O Estado, na qualidade de provedor da proteção da sociedade, tem a obrigação de adotar procedimentos que impeçam, reduzam, restrinjam, mitiguem qualquer tipo de violência.
Quero crer, otimistamente, que, em razão disso, o Ministério da Justiça e Segurança Pública (MJSP) apresentou ao Congresso uma proposta para conter a aceleração da espiral da violência, documento que passou a ter a fantasiosa, a utópica denominação de “PEC da Segurança”.
Isso porque a moção de algumas poucas medidas para frear a criminalidade – que é uma parte da “segurança” (há outras ameaças à sociedade, além dela) – não aborda o enfrentamento e a correção de fatores geradores de violência, visto que contempla sugestões para (presumíveis e discutíveis) melhorias na atividade policial.
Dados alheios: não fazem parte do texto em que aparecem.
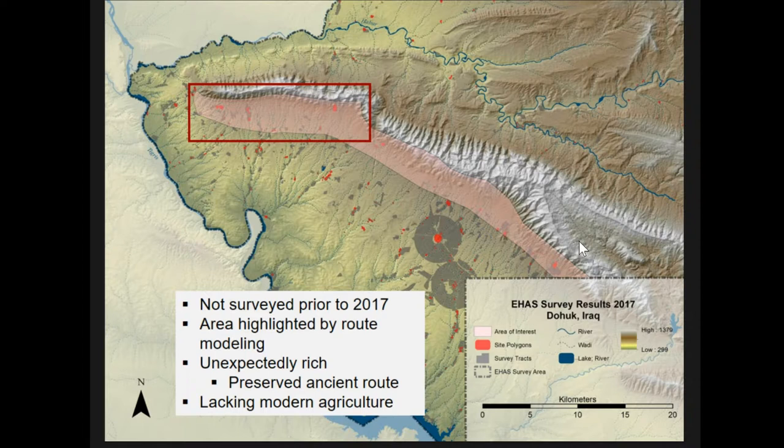One of the things that drew our gaze to that area — this is the subject of a whole other paper — is that I've been running route models between all the sites for different periods to get a sense of how they connected. Every model I ran, including results from survey in the Cizre region of Turkey and Zamar in Iraq, all the routes happened to jump right up here and go along the course of the mountains, regardless of the period or set of sites. So we took a look and could see a road there that was quite tantalizing.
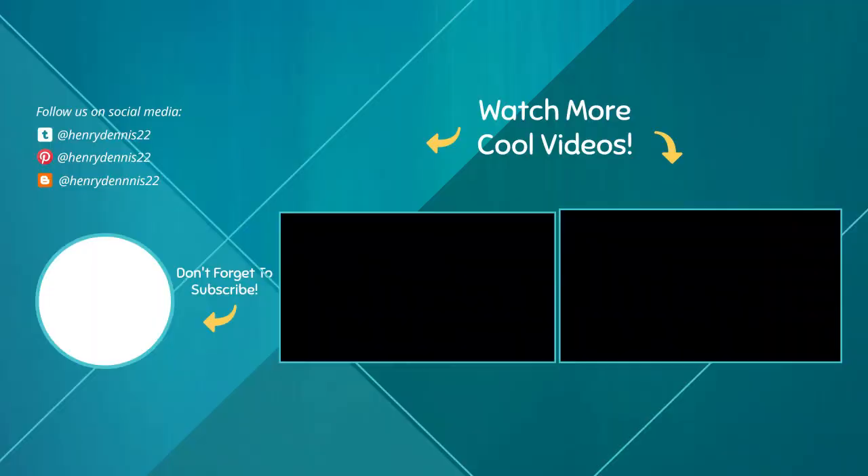Thanks for watching guys. I hope you liked this video. If this video was helpful to you, please make sure to like, comment, and subscribe. If you have any questions related to these products, you can leave a comment down below and I will get back to you as soon as possible.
Um erro crasso, visto que a violência é menos um problema policial que uma grave e complexa vulnerabilidade sociopolítica! No caso, é importante lembrar que Polícia é uma atividade, desenvolvida por determinadas instituições estatais, que fazem o provimento da proteção da sociedade, mantendo a Ordem mediante específico exercício do Poder e da Força de Polícia.
Ou seja, esses órgãos não existem para fazer, apenas, a contenção criminal (no popular, correr atrás de ladrão ou prender bandido), mas, sim, para impedir ou mitigar qualquer tipo de ameaça à preservação da vida e/ou à perpetuação da espécie. Também, é muito importante entender que as Polícias não atuam nas causas e, qualquer iniciativa, tida ou dita como abrangente, para contenção da criminalidade, que não contemple ações prioritárias em sua origem, tende a constituir-se em mero paliativo.
Pressupondo que, por hipótese, a intenção era sugerir medidas com repercussão, tão somente, nessa inquietante e angustiante ameaça-crime, constata-se que essa PEC (não mais da abrangente segurança pública, mas da restritiva contenção da criminalidade) é insuficiente, inadequada e inconsequente.
Insuficiente porque deixa de abordar temas extremamente importantes, nessa caminhada em busca do utópico ambiente de segurança. É de se reconhecer, porém, que essa PEC aborda um ponto muito interessante: a urgente necessidade de haver “coordenação” em atividades policiais nos três níveis e, ainda, nas interações, quando de trabalhos conjuntos de órgãos policiais de dois ou três níveis.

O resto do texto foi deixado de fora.